Há também os fragmentos do tempo em que queremos estar sós. Isolados de tudo e de todos. A tristeza bate nas portas do coração e ele, em sua bondade, a acolhe. O mundo escurece e nada parece bonito como fora um dia. As coisas simples perdem a cor e o brilho. O sol não esquenta o suficiente e trememos de frio. Algumas coisas nos acuam, nos prendem, amarram e dizem "Você só sai daí quando eu mandar!" Pronto, é o tempo outra vez.
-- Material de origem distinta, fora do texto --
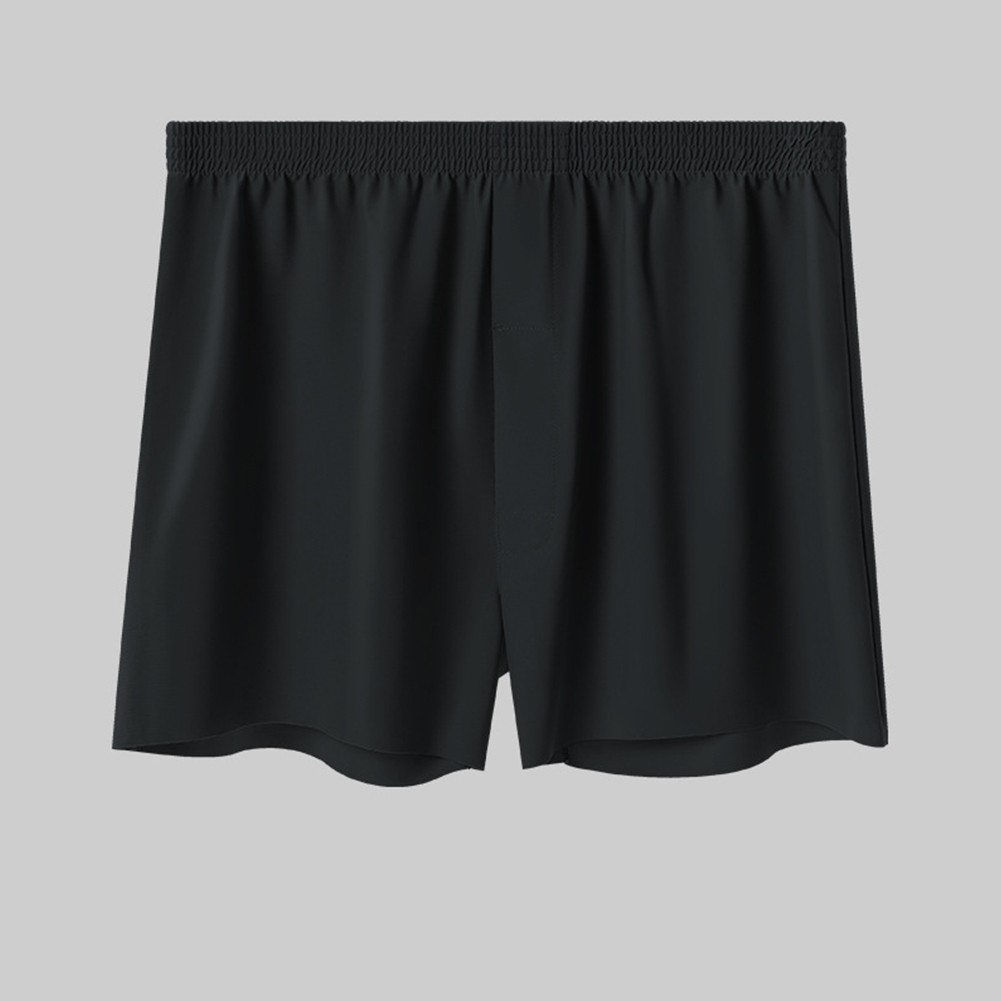 Men's Ice Silk Boxers Loose Fit Mid Waist Trunks Comfortable Underwear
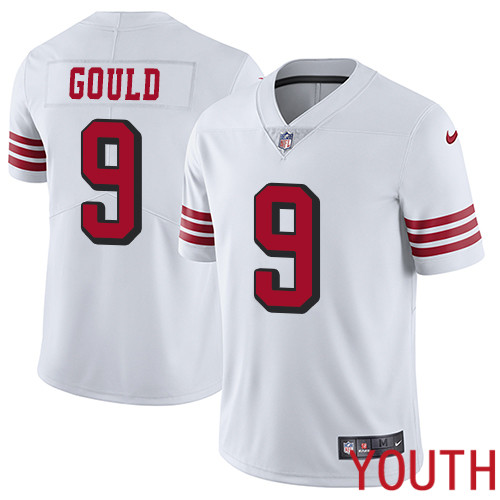 San Francisco 49ers Limited White Youth Robbie Gould NFL Jersey #9 Rush Vapor Untouchable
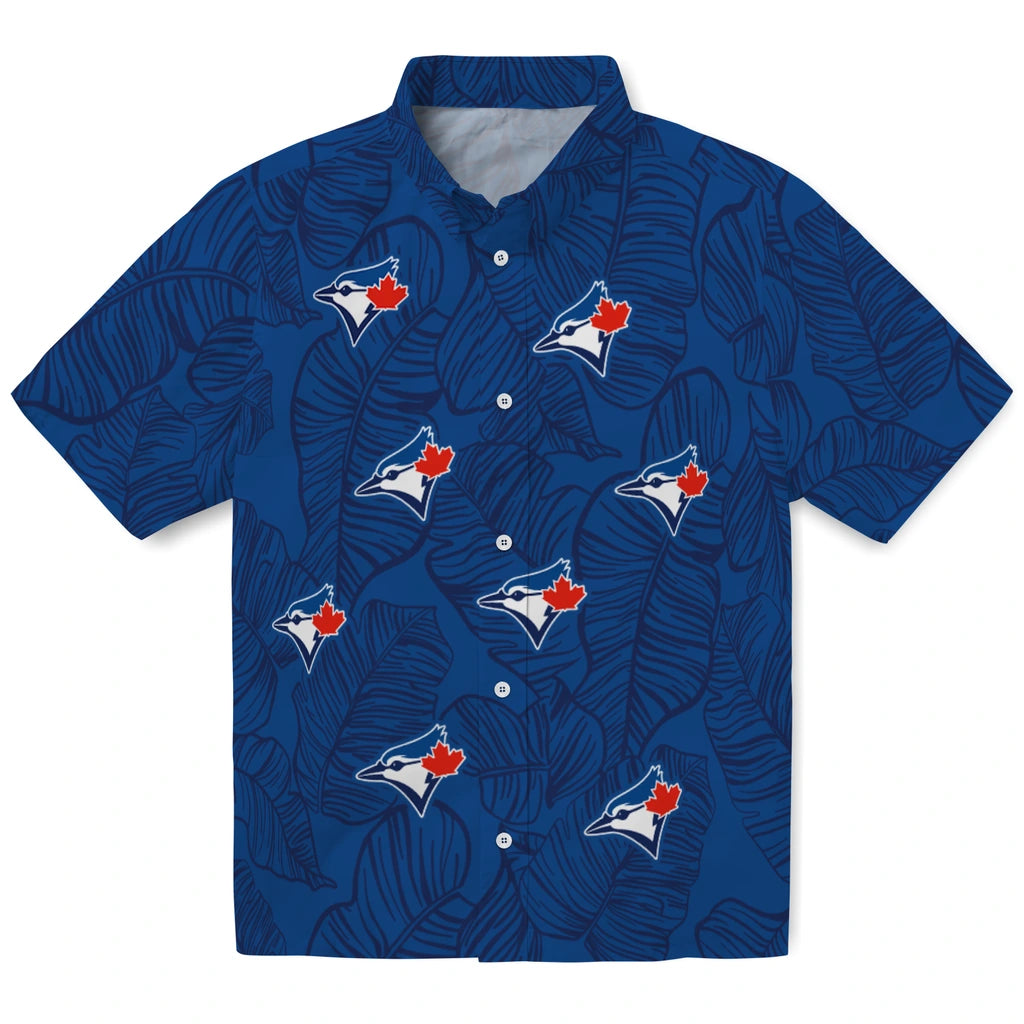Toronto Blue Jays Hawaiian Shirt - Leaf Outline | Moonbestprint
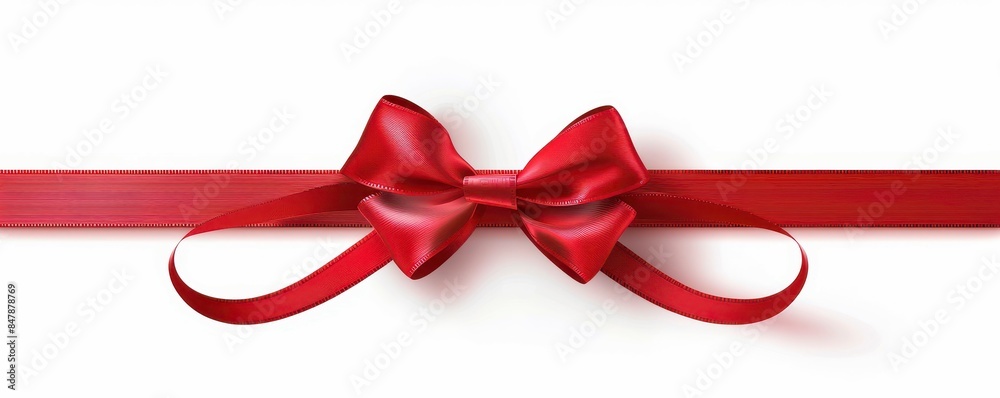 Red ribbon with bow on white background Red ribbon with bow on white background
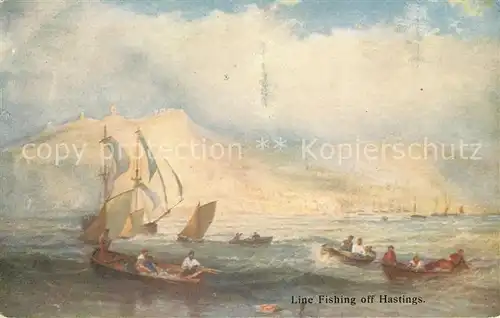 AK / Ansichtskarte Hastings East Sussex Line Fishing Painting Series 1005 Kuenstlerkarte Kat. Hastings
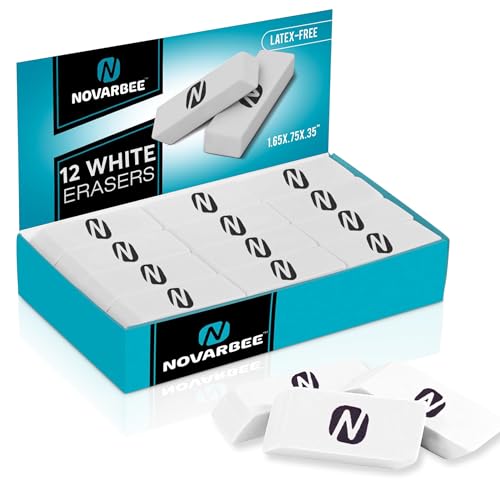 White Erasers for Kids – 12-Pack Bulk Pencil Erasers for School, Office, and Art Use – Soft, Latex-Free, Smudge-Free Erasers for Writing, Drawing, Sketching, and Exams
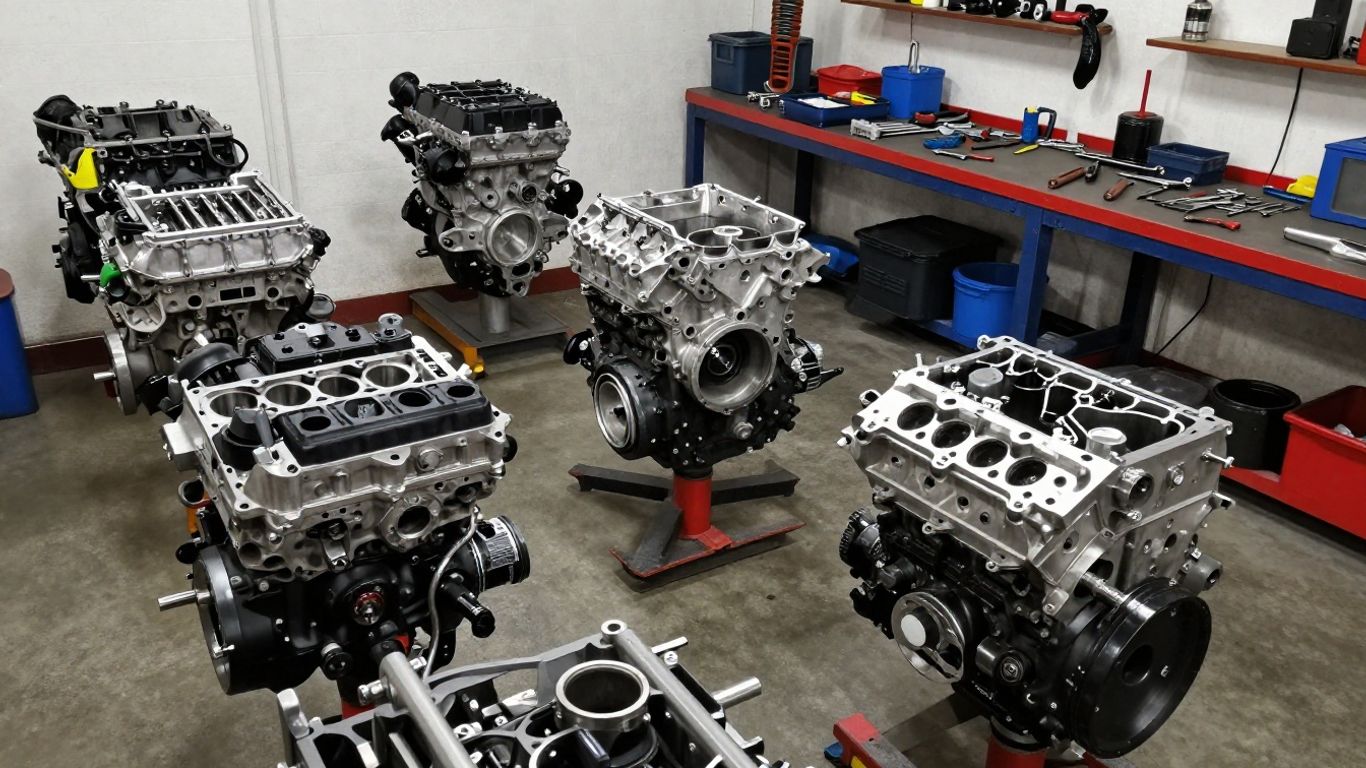 Used Holden engines in a workshop setting.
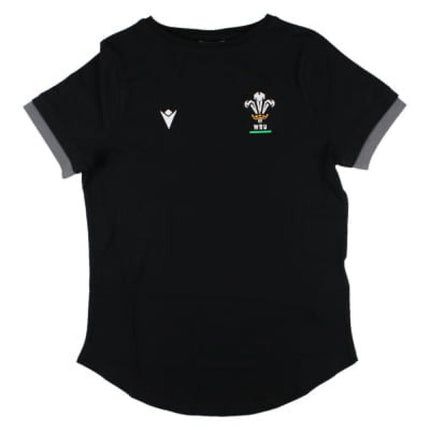 2024-2025 Wales Rugby WRU T-Shirt (Black) - Womens |Product - T-Shirt | Macron | Absolute Rugby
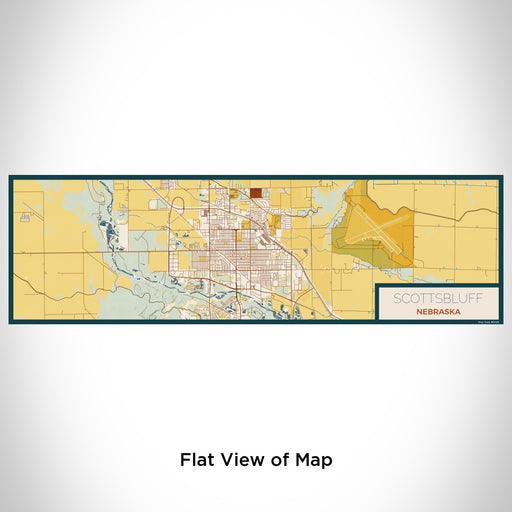 Flat View of Map Custom Scottsbluff Nebraska Map Enamel Mug in Woodblock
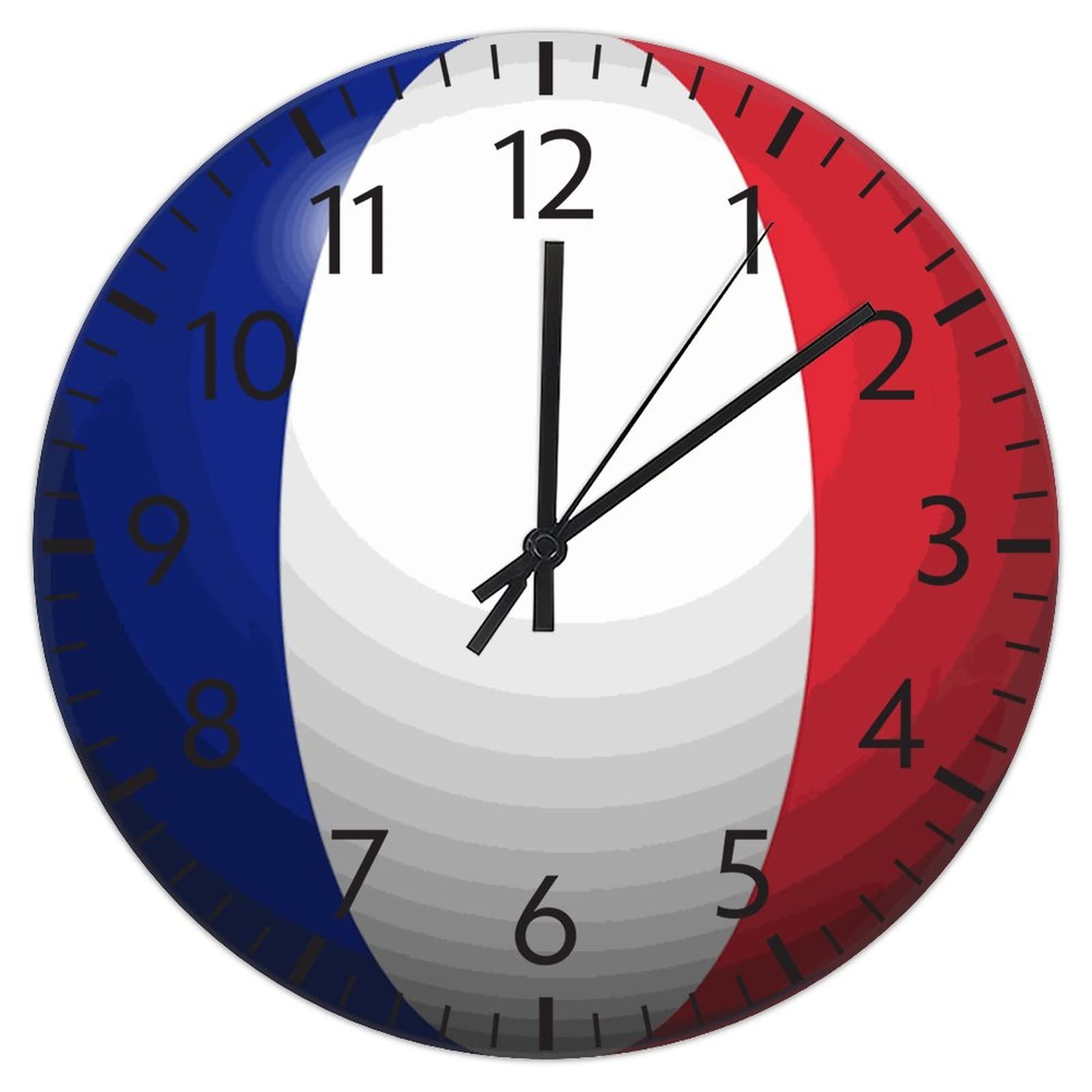 Horloge murale drapeau France ronde en PVC de 30,5 cm artistique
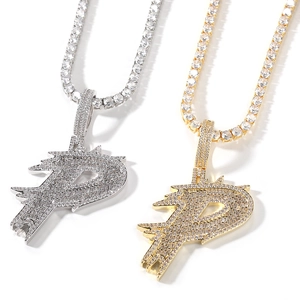 Pendentif lettre P style hip-hop serti de zircons en or et argent avec chaîne tennis luxe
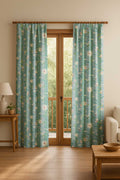 PRINT & PATTERN HEAVY FABRICS Brahmakamal Aqua Blue Printed Heavy Fabric And Curtains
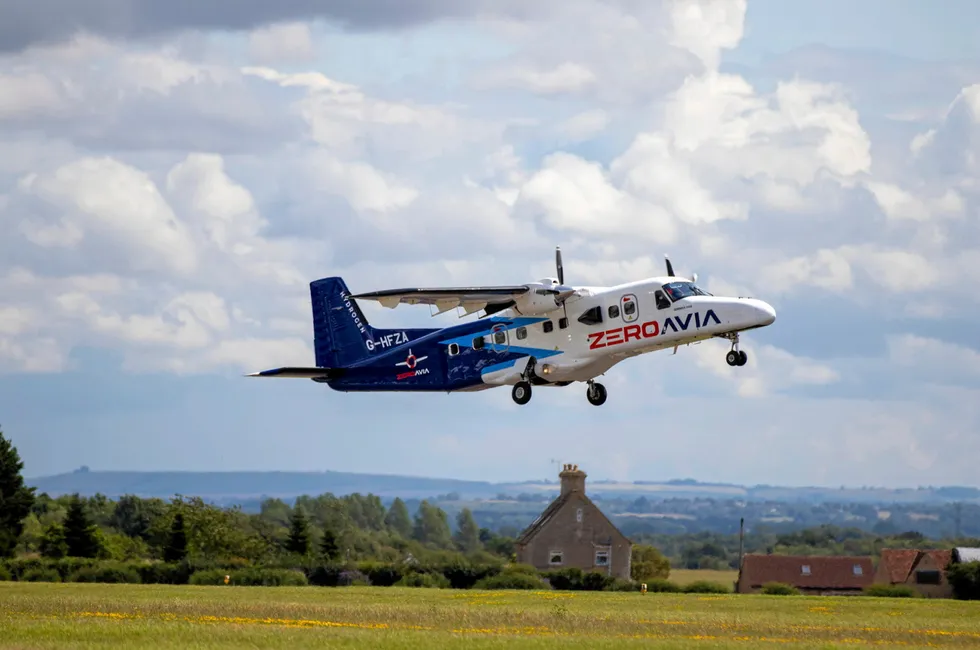 ZeroAvia hydrogen-powered aircraft in July 2023.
Mas há algo além que nos renova sempre. Uma capacidade mágica de recriar a vida e o ser. Nos fazer levantar das cinzas e brilhar de novo. Sacudir a poeira e sorrir. Enxugar as lágrimas e começar da estaca zero. Os buracos se fecham e ficam as marcas, mas, com o tempo, as cores voltam, as flores se abrem e o sol aquece novamente. Nada está perdido, pois o tempo, apesar de parecer longo quando sofremos e curto quando estamos felizes, é apenas o suficiente para construir cada ser humano tal qual ele deve ser, em forma e essência.